Pipelines & jobs

"Pipeline" is the object in Allonia platform that let you design and manage an advanced pipeline for complex data, task, & model processing.

These Pipelines will be instanced into "Jobs" that will execute them, manually or scheduled, based on the pipeline configuration.

Pipelines

Pipeline creation

You can create a pipeline from the "Pipeline" menu and edit it.

You can also create a complete Pipeline with a single Module directly from a Notebook for which you have further information in related section here.

Pipeline description as Allonia language

Allonia language is a simple data processing Pipeline description format based on YAML syntax. It contains two parts:

Data nodes: list of data sets used as part of the pipeline, whether input, intermediate or output.
Processing nodes: list of Modules (as processing steps or tasks) as part of the pipeline.

You can check for further information about how to create and manage Modules in related section here.

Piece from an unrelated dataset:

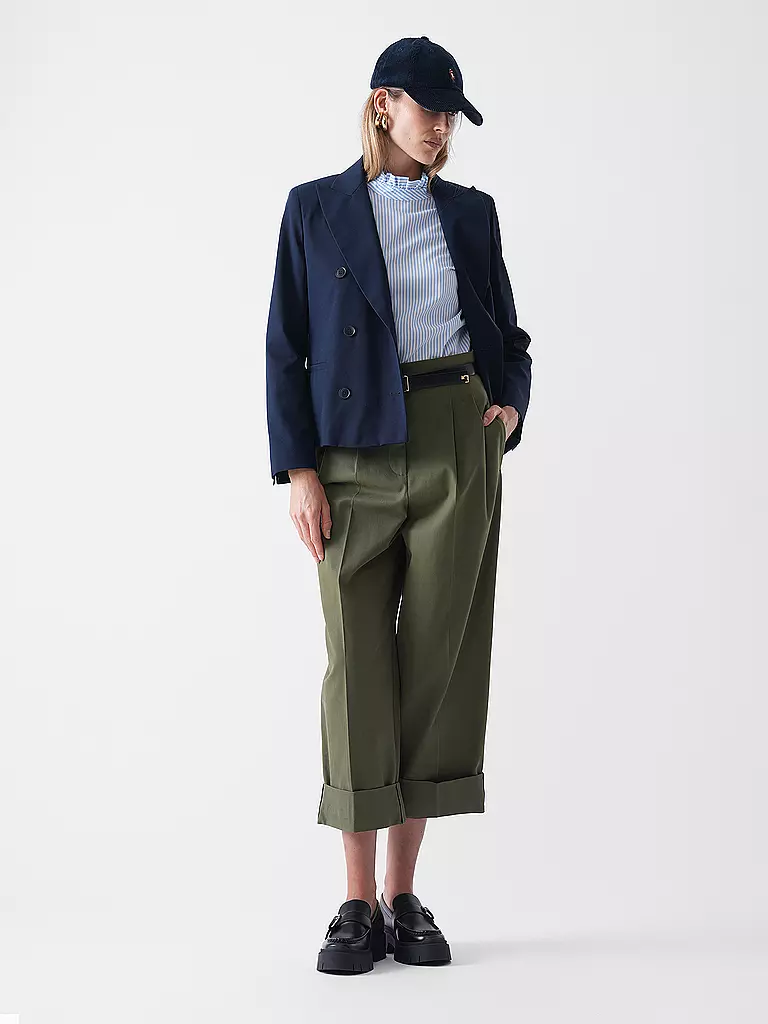 WEEKEND MAX MARA | Blazer TAPPETO | dunkelblau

Processing nodes have input data nodes and output data nodes, thus allowing to declare dependencies. The nodes chained in this way constitute a graph, pipeline’s graph.

Write a Pipeline

Basic pipeline description example:

dataNodes:
  data_node_1: (1)
    source: my_input.csv (3)
  data_node_2: (2)
    source: my_output.csv (3)

processNodes:
  process_node_1: (4)
    input: (5)
    - data_node_1
    output: (6)
    - data_node_2
    processor: my_module (7)

Description:

1	Declaration of the first data node
2	Declaration of the second data node
3	Dame of the data sets
4	Declaration of a single processing node
5	Configuration of input for the processing node, here we reference the first data node
6	Configuration of output for the processing node, here we reference the second data node
7	Name of the Module

So, the effective graph for this simple pipeline is: my_input.csv → my_module → my_output.csv

Example with multitasking:

dataNodes:
  data_node_1:
    source: my_input.csv
  data_node_2:
    source: intermediate.csv
  data_node_3:
    source: my_output.csv
processNodes:
  process_node_1:
    input:
    - data_node_1
    output:
    - data_node_2
    processor: my_first_task
  process_node_2:
    input:
    - data_node_2
    output:
    - data_node_3
    processor: my_second_task

So, the effective graph for this two-tasks pipeline is: my_input.csv → my_first_task → intermediate.csv → my_second_task → my_output.csv

Example with a task having multiple inputs and outputs:

processNodes:
  task1:
    input:
    - data1
    - data2
    - data3
    output:
    - data4
    - data5
    processor: my_module

This task will read 3 input data sets, and write 2 output data sets.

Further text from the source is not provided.